▶ _Task details_: Lines from the one containing "755 Straw Hill" through the last line of the data are to be returned exactly, both ends included, minus any pictures.

▶ _Dataset extract_:

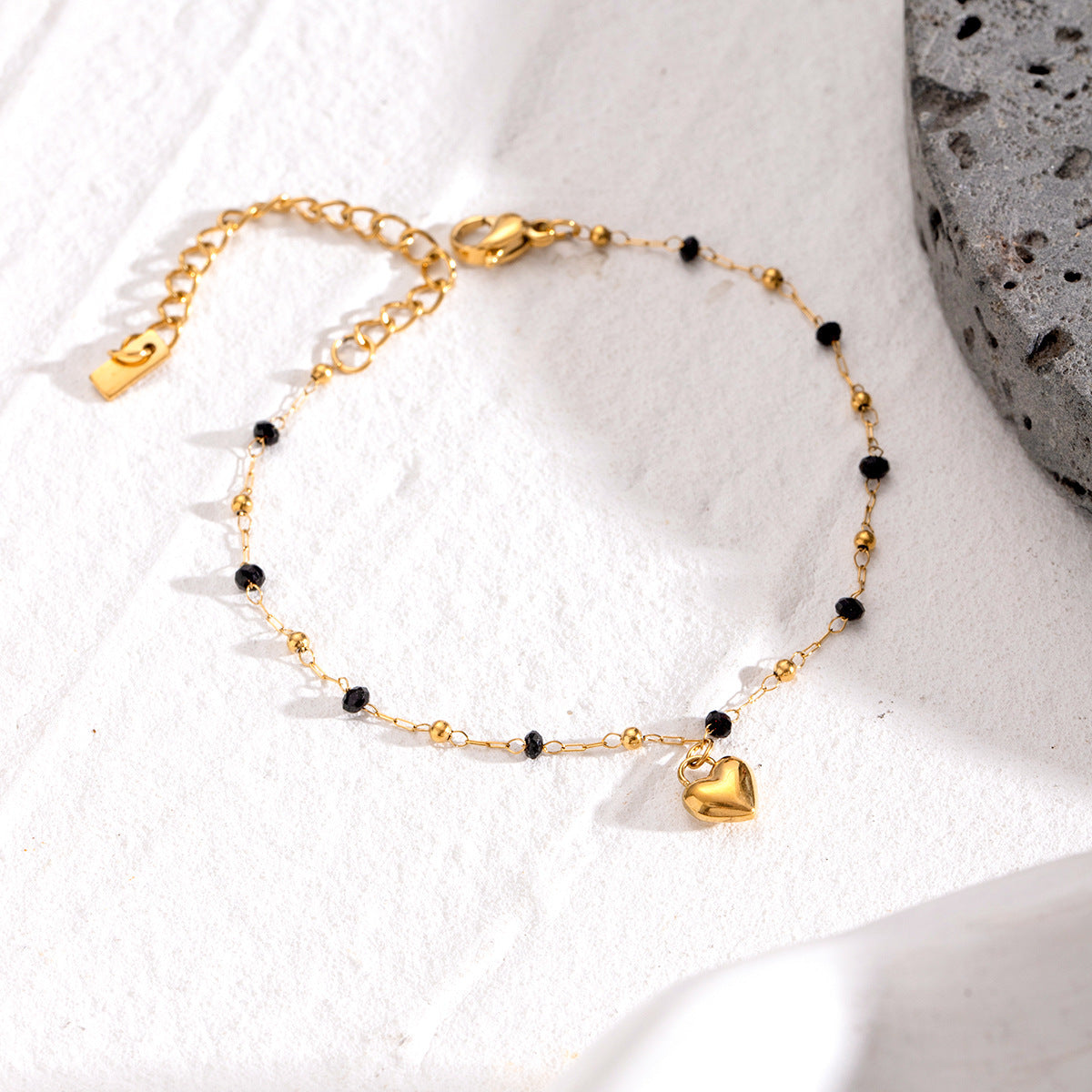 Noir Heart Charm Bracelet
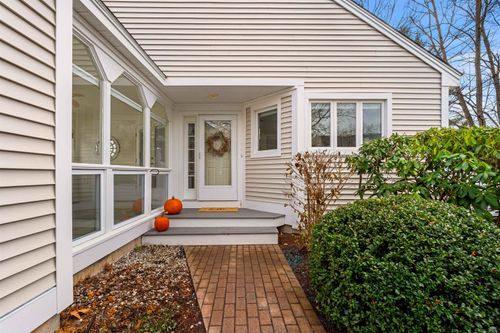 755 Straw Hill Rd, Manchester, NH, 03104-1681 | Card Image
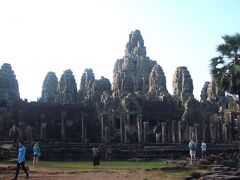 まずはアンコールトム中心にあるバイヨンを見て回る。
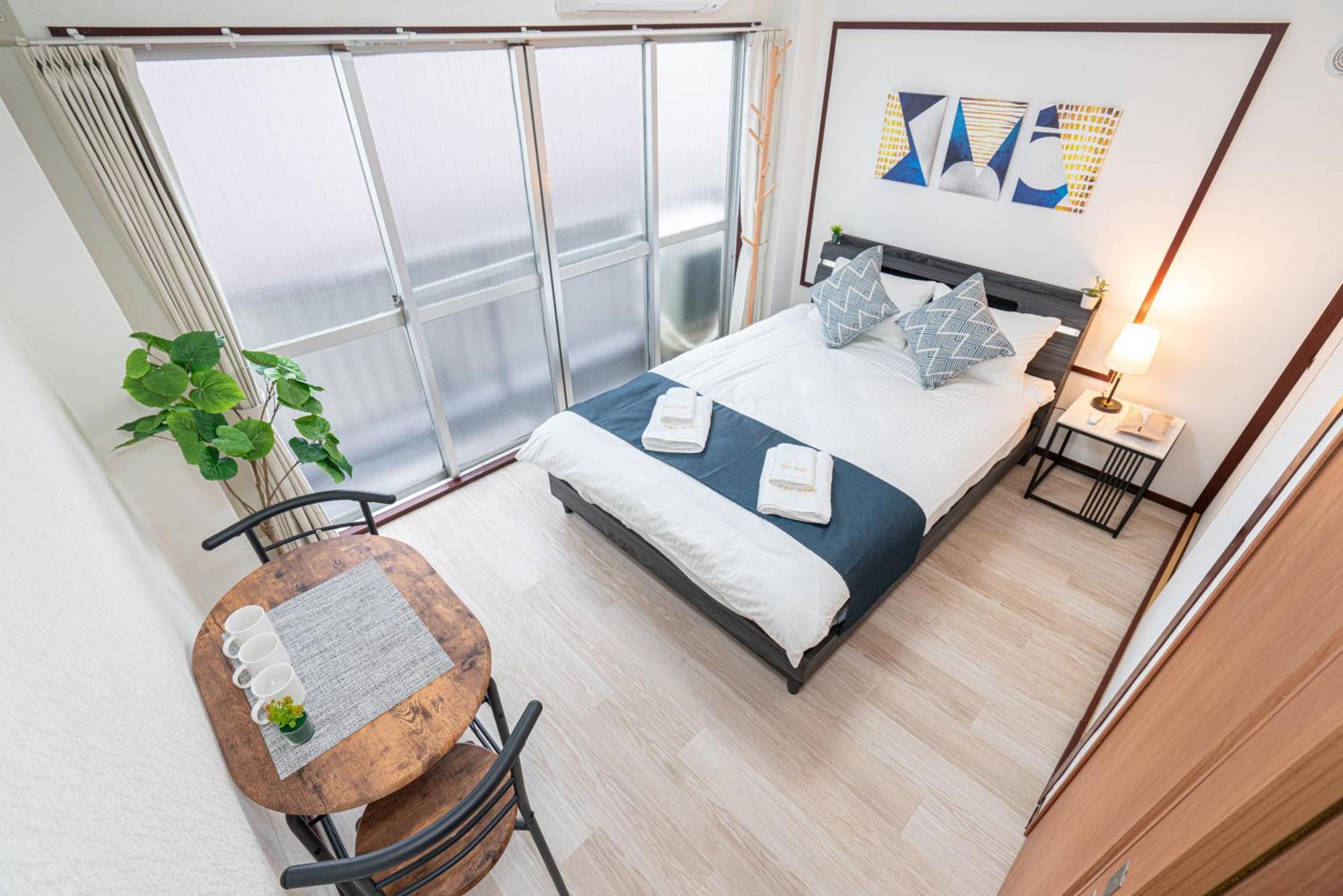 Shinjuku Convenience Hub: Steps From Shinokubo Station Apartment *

▶ _Exercise answer_:
 755 Straw Hill Rd, Manchester, NH, 03104-1681 | Card Image
 まずはアンコールトム中心にあるバイヨンを見て回る。
 Shinjuku Convenience Hub: Steps From Shinokubo Station Apartment *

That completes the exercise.